Gravity ***** (out of five)
If I found an old lamp right now, and I rubbed it, and a genie came out, and he granted me three wishes, I’d use one of them to raise Stanley Kubrick from the dead so I could take him to see Gravity. He’d like it.
To call Alfonso Cuarón’s film (written with his son Jonás) the greatest ever made would be to rush giddily to a ludicrous superlative, but there is no doubt that this is the most technically astonishing film ever shot. Considering Cuarón and his incredible team had to create technology to make it, this is not a stretch. Never has weightlessness been so well realized on screen, but that is the tip of the iceberg (and speaking of icebergs, James Cameron wishes he made this film). Never has a camera moved this way before. The opening shot, well over ten minutes, is breath-taking. The VFX are flawless and beautiful. And the 3D (and this film is absolutely made in 3D – don’t see it any other way) is, well, the best use of 3D in the history of the medium.

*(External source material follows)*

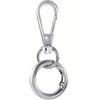 Gancho Metálico Giratorio para Bolsas, Clip de Llavero de Doble Apertura, Anillo para Llaves, Hebilla de Cuerda para Colgar Manualidades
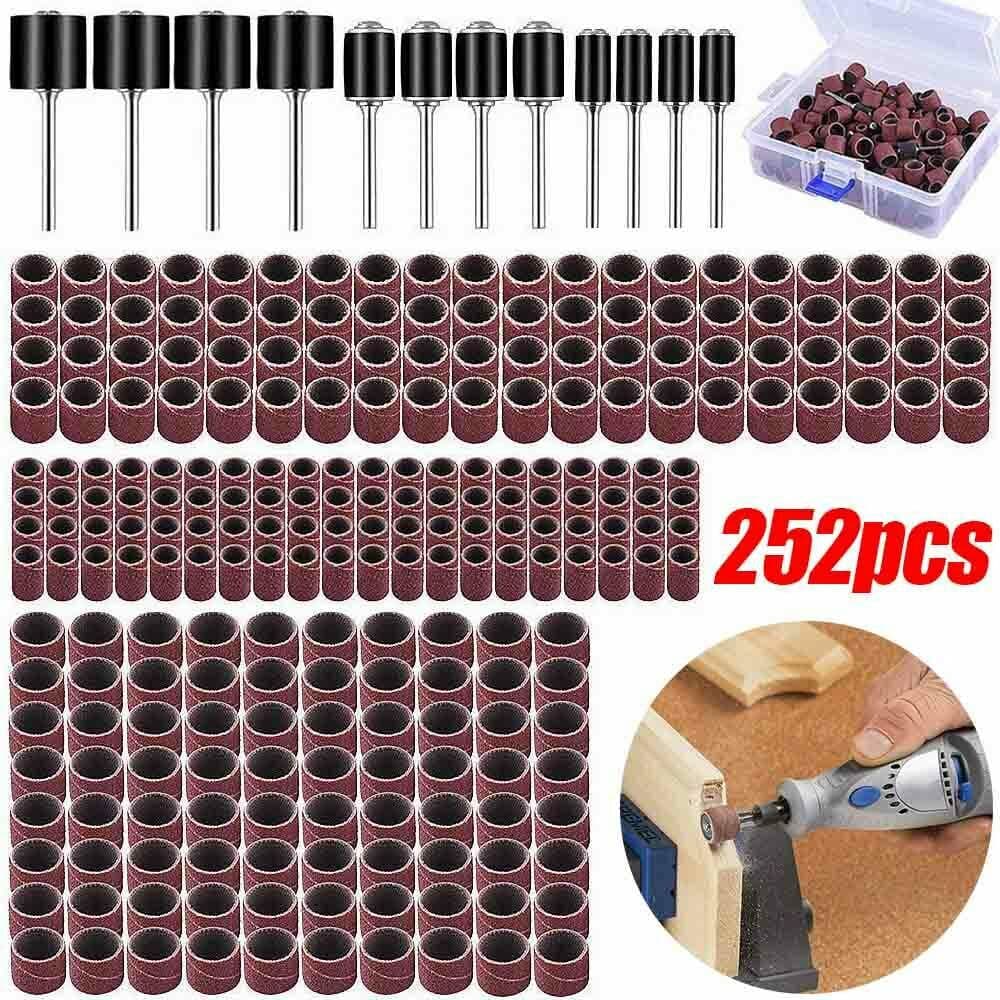 252PC sanding ring set electric grinder hanging grinder accessories combination grinding sandpaper ring wood metal polishing grinding head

What is truly surprising and wonderful is how deft the storytelling is and how moving the film is, how much it has to say, how much feeling it has. Telling the simple tale of a couple of astronauts blindsided by a catastrophe while in orbit, Cuarón manages to take on Life, The Universe and Everything.
Sandra Bullock is the human heart of the enterprise and she is magnificent. I cannot imagine what bells and whistles she had attached to her while making this (she’s weightless the entire time) but she’s never chatting to the proverbial tennis ball on a stick. Fully present and fully emotionally committed, it’s the performance of her career (and if she doesn’t get the Oscar – which I very much doubt she will – she can consider the one she got for The Blind Side actually meant for this, accidentally given early (see Crowe: Russell, Gladiator v. A Beautiful Mind).
I am reeling from this experience in a way that reminds me why cinema is my thing. Pure and true in every respect, it is a perfect movie, in that no element is out of place, no intention unrealized. Told almost in real time, in a taut ninety-one minutes, it achieves total unity of time, place and character. It is a work of the highest art.